Predictable: Oliver Darcy’s Website Is Upset Oscars Weren’t Political Enough

March 17th, 2026 5:24 PM

Despite the plethora of evidence illustrating otherwise, entertainment writer Brian Lowry took to Oliver Darcy’s website Status — which has twice threatened to cancel my subscription — Monday night to complain Sunday’s Oscars had “los[t] its voice” and “collective nerve” by refusing to pay proper tribute to the late Rob Reiner by making the evening a courageous stand against President Trump, a man Hollywood and their ilk have falsely maligned as terrifying dictator and pedophile.

Lowry had his thumb on the scale from the headline and subhead: “The Oscar Loses Its Voice; The Academy Awards paid tribute to Rob Reiner, but at a politically fraught moment closed a cautious awards season by steering clear of the outspokenness and activism that defined the director’s career.”

He complained that, even though the Academy Awards “delivered a heartfelt tribute to Rob Reiner,” the show “conspicuously avoided the director’s other defining trait—his progressive politics and activism—with no one overtly saying the name “Trump” on the stage during the three and a half-hour telecast.”

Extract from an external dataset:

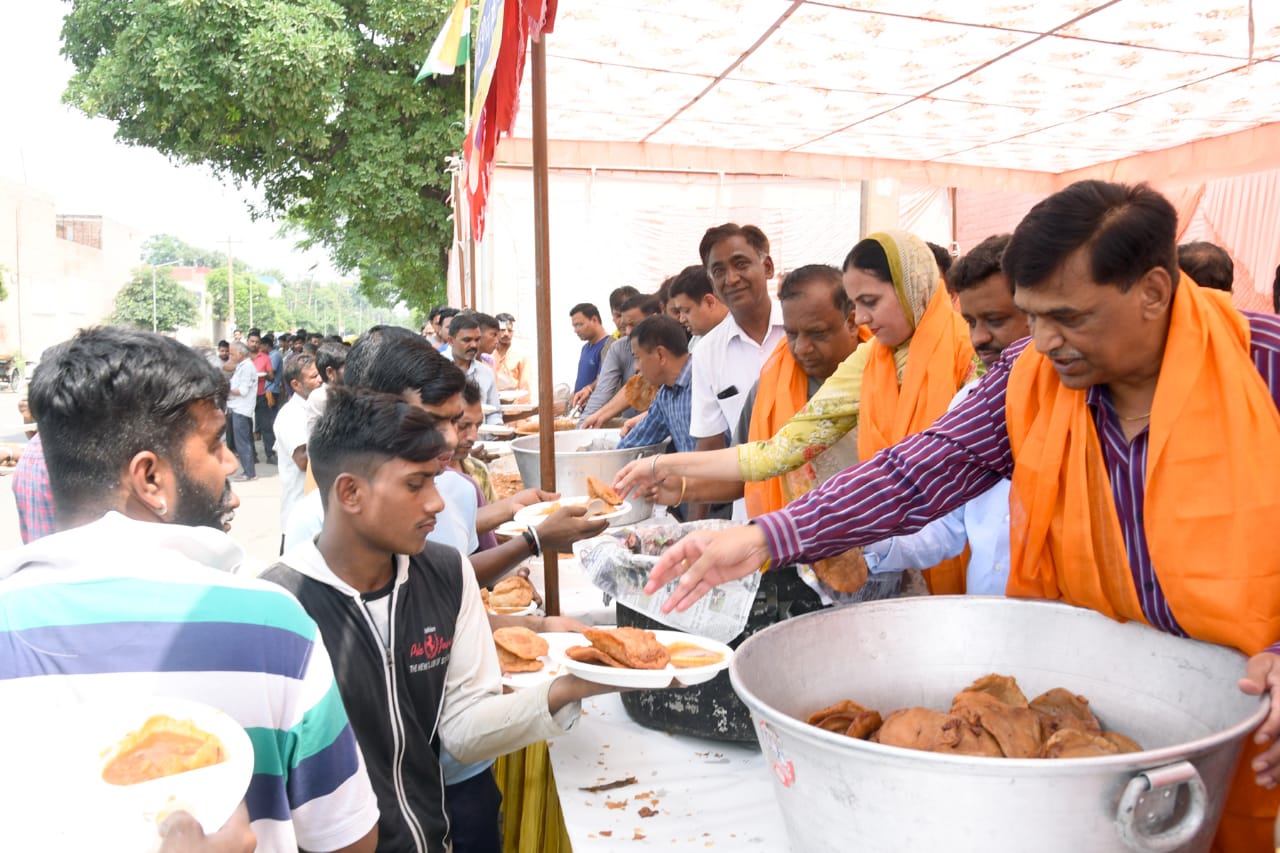 large banquet: चंडीगढ़ फर्नीचर एसोसिएशन की तरफ से विशाल भंडारे का आयोजन किया गया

Lowry did his own impression of Eric Alterman, suggesting Hollywood isn’t really that liberal:

Much is made of “liberal Hollywood,” long a culture-war bogeyman for the right, so much so that even fleeting political references at the Academy Awards trigger howls of indignation. But during another war in the Middle East, there was nothing remotely resembling Michael Moore’s shouts of “shame on you” to George W. Bush in 2003, with this year’s documentary winner, David Borenstein, coming closest by issuing a thinly veiled warning about the threat of authoritarianism.

He huffed this year featured “traffic-seeking websites scrounging for headlines to find meaty movments, from O’Brien’s joke about the Epstein Files to presenter Jimmy Kimmel taking understated swipes at Trump and CBS, to presenter Javier Bardem saying, “No to war” and “Free Palestine” before getting down the business at hand.”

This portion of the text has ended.